Had an interesting discussion on twitter regarding storing relational data and how to essentially pre-render joins across data to improve performance at the cost of storage space. To my knowledge, this isn’t really possible, and goes against the ethos of relational databases anyway i.e. avoid duplication of data, one record for any bit of information etc. etc.. Anyway, the point being made was that storage space is dirt cheap these days, whereas CPU time isn’t.

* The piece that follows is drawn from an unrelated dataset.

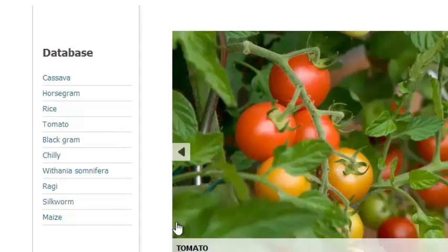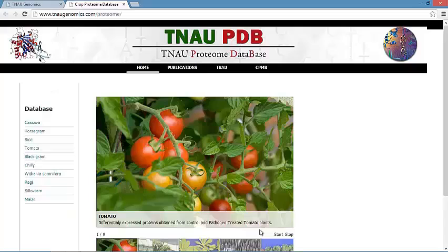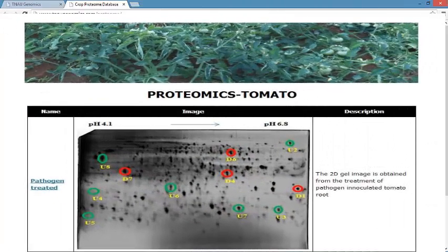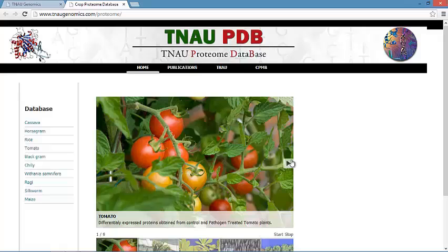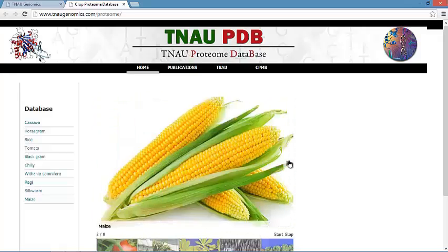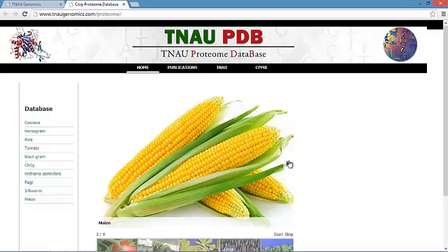In the tomato database, differentially expressed proteins are obtained from control and pathogen-treated tomato plants, which shows upregulated and downregulated proteins. In the maize database, protein profiling is done between two contrasting maize varieties differing in salinity tolerance. The gel contains maize downregulated and upregulated protein spots.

A lot of people don’t really think of “data” and “compute” as two sides of the same coin, but they really are. Think of the example above – joining two (or more) tables together in SQL is always going to be slower than going to a single table where the data is already pre-calculated. With document databases this sort of approach is more common, where you might have many ways of representing the same data, and indeed the same pieces of data duplicated across many documents, but it’s often frowned upon in the SQL world.

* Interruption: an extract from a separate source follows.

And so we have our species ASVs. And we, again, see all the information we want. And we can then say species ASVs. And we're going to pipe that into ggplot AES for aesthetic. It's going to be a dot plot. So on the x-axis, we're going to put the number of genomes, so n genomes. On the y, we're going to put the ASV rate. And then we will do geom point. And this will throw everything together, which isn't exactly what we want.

CPU and Data costs in Azure
So, I thought to illustrate the disparity between data and CPU I would just show some costs of hosting data and compute in Azure (at the time of writing) if your budget is £100 / month: –
|Relational||SQL Web / Business||1 x 83GB database|
|2 x 26GB databases|
|3 x 13GB databases|
|CPU||Extra Small (1ghz, 768mb)||10 Instances|
|Small Instance (1.6ghz, 1.75gb)||2 Instances|
|Medium Instance (2 x 1.6hz, 3.5gb)||1 Instance|
Look at those numbers.
You can have a single database upto 83GB in size for £100 OR you can have 2.3TB of Blob / Table / Queue storage. That’s an absolutely ridiculous amount in comparison – over 20x as much. Of course, with Table storage you don’t get a schema as such, and have to worry about partitioning data etc. – it’s nowhere near as easy to get up and running as a SQL database that we all know (and some of us love). Nor can you do any compute on the table store as you can with SQL e.g. stored procedures, joins, group by etc. etc. But for purely data storage, there’s no comparison. Alternatively, compare our 2TB+ of schema-free data with some CPU prices – two small instance VM (or web / worker role) will go for the same amount, or just a single medium instance. I can’t even include SQL premium or more than a medium instance VM in the above table as they clock in at over £100 a month.
Future compute can be traded for upfront data – the latter is relatively cheap compared to the former.

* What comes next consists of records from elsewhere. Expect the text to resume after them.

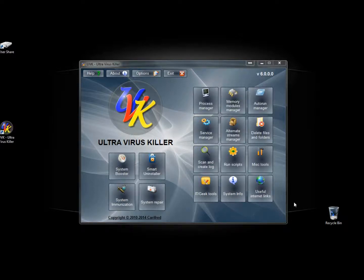Hello, in this video we're going to take a look at one of the many features included in Ultra Virus Killer called System Booster.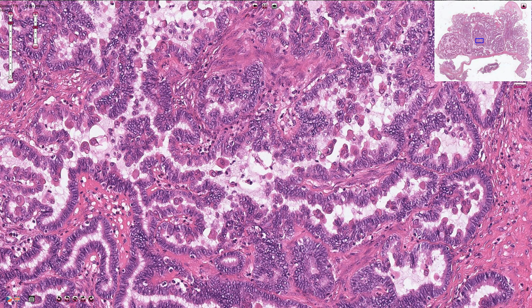Based on the histological appearance we can differentiate two types of serous borderline tumor: the conventional variant and the micropapillary variant. This is an example of the conventional type borderline serous tumor. The papillary structures are quite broad and short, unlike in the micropapillary variant which is associated with thin, long papillary structures.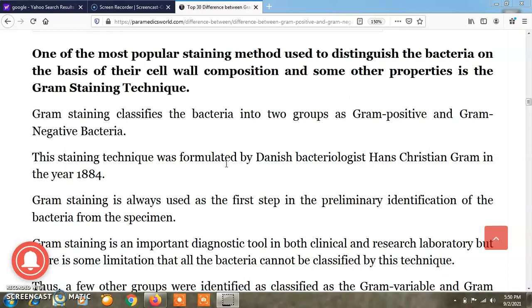Friends, today I am going to tell you about the differences between gram positive and gram negative bacteria.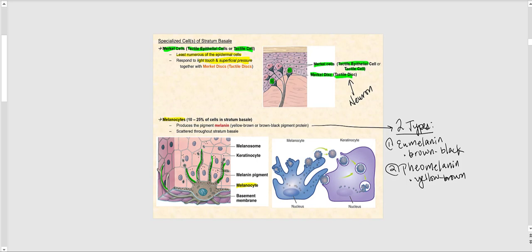Melanocytes package melanin pigment proteins into what we call melanosomes — think of a melanosome as a box containing melanin proteins. The melanocytes exocytose the melanosomes and the keratinocytes endocytose them, opening the melanosomes to release the melanin pigments into the cytoplasm. What's remarkable is that when skin is exposed to damaging ultraviolet light from the sun without adequate sunscreen protection, these melanin pigments literally act like an umbrella over the nucleus of the keratinocyte, shielding the DNA.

You can think of this in pure functional terms e.g. a function Factorial which takes in a number and returns the factorial of it – you could either calculate that on demand, or calculate it once-off and then store those results in a table. The cost of hosting those results is tiny compared to the cost of repeatedly calculating them on demand.
Now obviously, the above results never change; a more real-world example might be to imagine that you have a system where you need to host two worker roles to handle your compute demands that involves calculations on some data (e.g. website queries to find products that meet some filter etc.). Why not consider pre-calculating those results where possible and storing them in an Azure Table instead? A batch process could update the aggregations where required in order to keep these results as fresh as possible. Even if the table takes up e.g. 50gb – this is a mere pittance compared to the cost of a single small worker role which equates to roughly 1TB of table storage in terms of price. Or compressing data to “save” on disk space at the cost of the CPU cycles required to decompress it every time you want to read it back out?
Makes you think a little bit (at least, it did for me)!